An FYI: if you decide at the last minute to bake x y or z ( lol ) and for whatever heaven sent reason you already have room temp butter but your eggs are still in the fridge don’t despair. Just take out the needed number of eggs, grab a bowl and after carefully putting the eggs in it, cover w hot but not scalding temp water. By the time you get all your ingredients that you need for said baking project out on the counter or table top, your eggs are at a perfect temperature! Curtseys lol - have fun baking y’all - waves from Alaska 👋👋👋👋❄️❄️❄️❄️
I would appreciate it if you would make a pineapple upside cake in a bundt pan. I have been using some of your recipes to make weekly delicious desserts for a friend who is fighting cancer. Thank you so much for the wonderful deserts. Keep up the great work.
Making your recipe right now and thinking of you and your lovely husband and kids while I enjoy my grand babies. Have a loving and safe holiday blessings to you and yours🎄🎄🎄⛄️⛄️❄️❄️❄️🎠🎠🎠
I love watching and your videos I learned from you so much I haven't baked ever in my life but not I am. Just wondering if you have a recipe for sticky pounding .You are amazing .

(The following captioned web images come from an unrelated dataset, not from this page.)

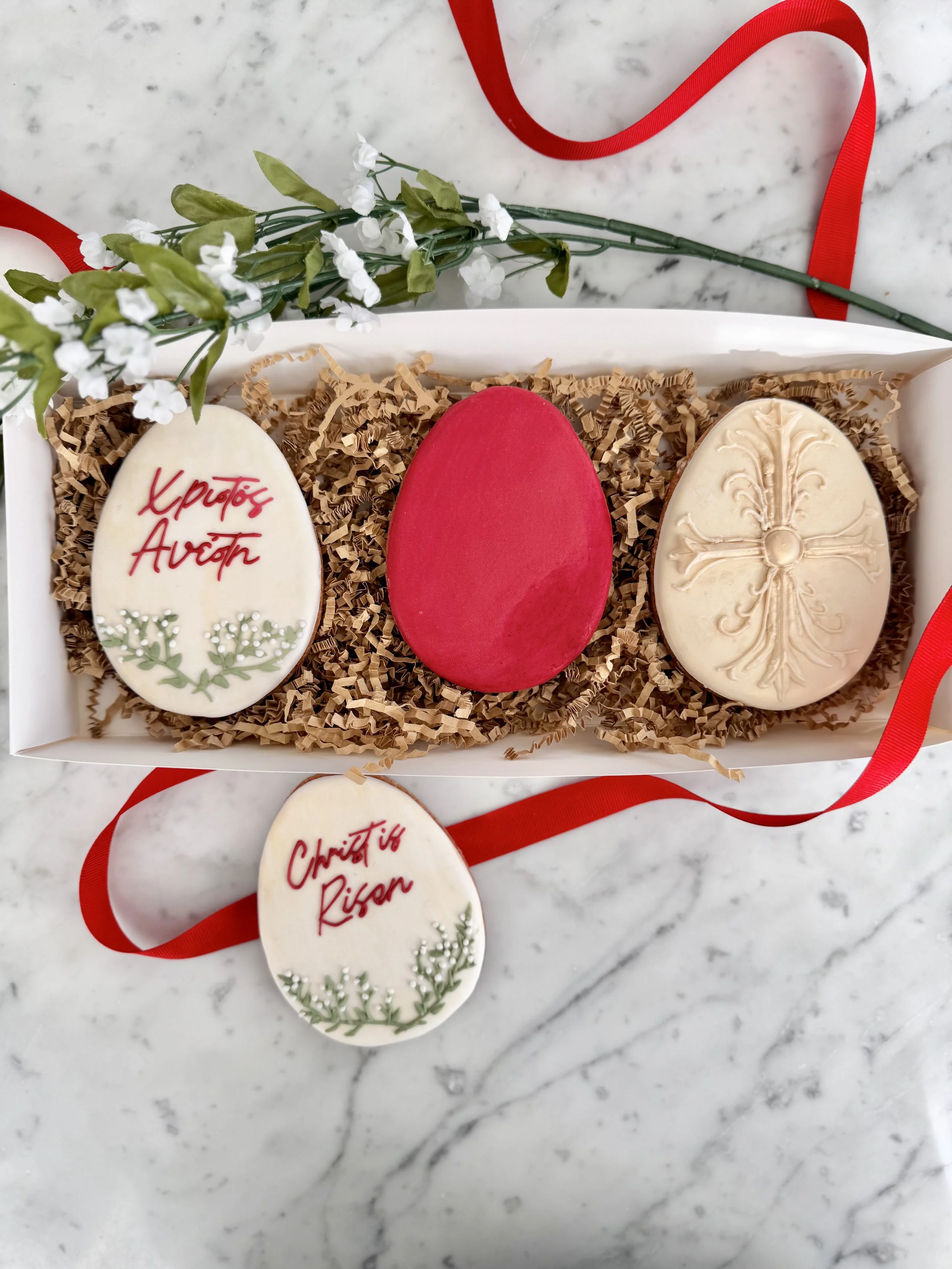 Decorated Easter eggs in a white box with crinkled paper, one with red writing and a green leaf design, another solid red, and another with ornate white patterns, on a marble surface with a red ribbon and a small sprig of white flowers.
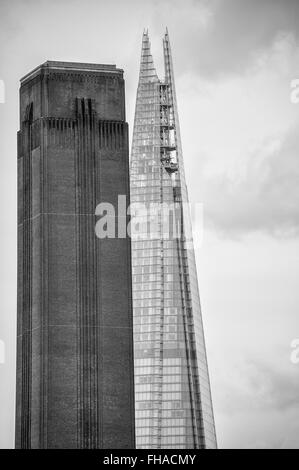 Hoch gemauerten Schornstein der Londoner Tate Gallery vor dem Shard-Turm Stockfoto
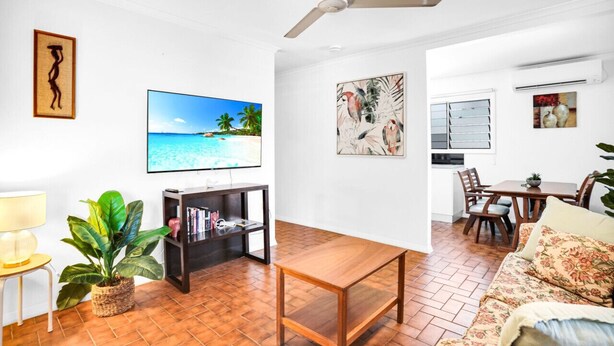 A living room with a TV displaying a beach scene, a ceiling fan, a dining area with a table and chairs, and a kitchen area with a window and a plant.
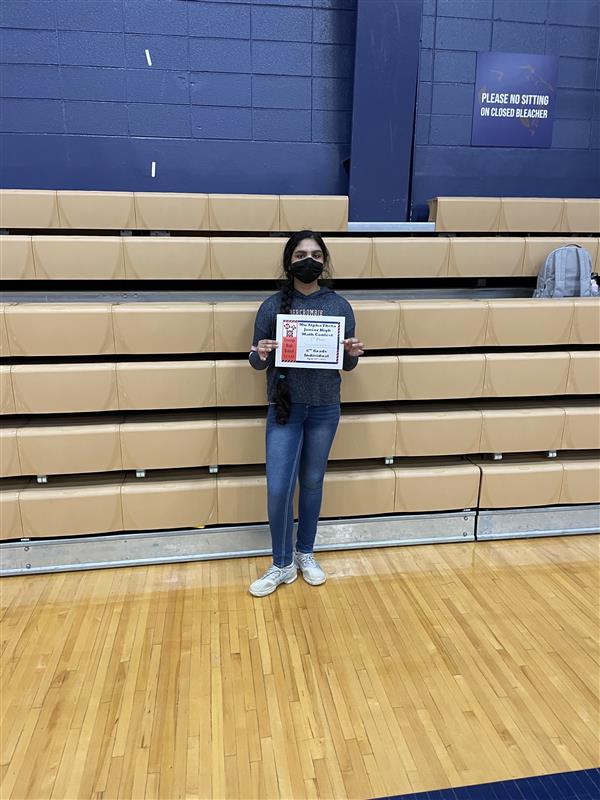 Shrihitha Ketha stands with certificate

You do an efficient job whenever you add tips on how to make a recipe go easier, but I feel that with this one, you went head and shoulders above all others. This one really stressed certain things that were necessary and lent themselves to "success" with the final product!
I make a coffee cake / pound cake just like yours except I mix my glaze with a good maple syrup instead milk and i add two tbsp butter to my filling and 1/2 tsp vinegar to my batter .💕
I love that giant measuring cup bowl for the kitchenaid! I don't know if they make one for the lift up model instead of the tilt top. And it's really expensive..... But it's awesome!